In a fingerclick of time-travel, I’m back listening to Mark Goodyear running down the chart show in 1994, when “Some Might Stay” was at number one, and the world seemed to change a little bit. We’d all bought into “Wonderwall” and picked up “Live Forever” on the two or three cable music channels available at the time, but now the band were at number one, and back then, such things meant a lot. Now they let James Corden into the charts, fordaluvofgod.

A compilation like “Time Flies” is the soundtrack of all our years, all our friendships, and those milestones we use to measure the distance from childhood dreams to adult reality. The lads piss ups in provincial indie clubs, chanting “Wonderwall” inbetween its usual Charlatans/Stone Roses segue; we’ve all been there, and Oasis soundtracked every step of the way.

Theirs is not a career without problems, of course, in and out the recording studio. If we sidestep the headlines for now (as difficult a task as that is, and notably rare among the British bands today), the back-catalogue this compilation celebrates is the very definition of flawed genius. At their peak, Oasis – and at most points “Oasis” is euphemism for “Noel” – were the stellar songwriters and live act of their day; “Wonderwall”, “Roll With It”, “Shakermaker”, “D’You Know What I Mean”, “Masterplan”, “Champagne Supernova”…This is the soundtrack of Britain that the helped influence almost every other indie/rock band from the 90s onwards, and is the pension plan the Arctic Monkeys would die for.

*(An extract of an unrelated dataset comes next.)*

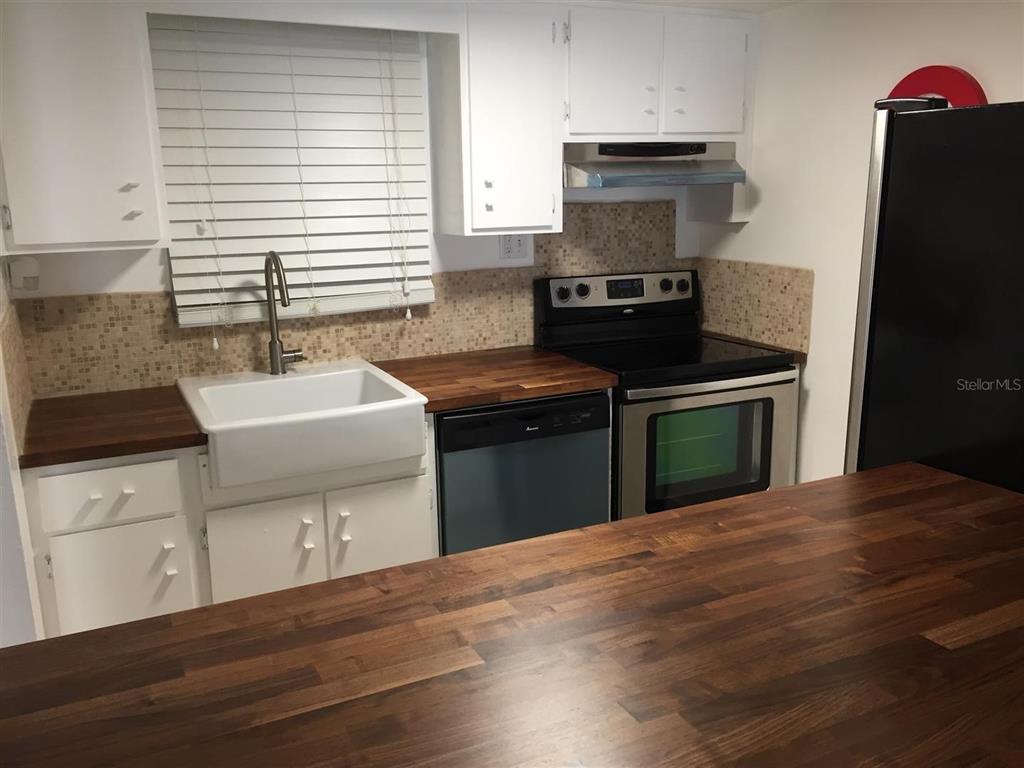 A kitchen features white cabinets, a farmhouse sink, wood countertops, and stainless steel appliances — 200 MAITLAND AVENUE UNIT 34, ALTAMONTE SPRINGS, FL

Flawed points on the Oasis journey tie up with internal pressures, sibling (wibbling?) rivalry, and the shifting sands of taste among the British single buyer. “Go Let It Out”, “The Hindu Times” – how hard we try to lift these as high, to enjoy them as much, and yet time has not been kind. The struggle up hill by the time of “Importance of Being Idle” is the same result of artistic exhaustion that runs through the output from the Monty Python team to Ricky Gervais. All genius is exhausted, all careers grind to a puttered engine eventually.

“Time Flies” is not the first – I dare say it won’t be the last – compilation of Oasis singles (anyone buy the cigarette-packet special editions, or is my memory tricking me?). This is one of the most important compilations in the potted history of British music, the vanguard of northern souls which copied and was copied in equal measure. Liam’s voice grew weary, Noel’s lyrics more maudlin, the band ground out too much in the end; but through the window of nostalgia and memory everything this album awakens remains inexorably linked to our social, political and musical history.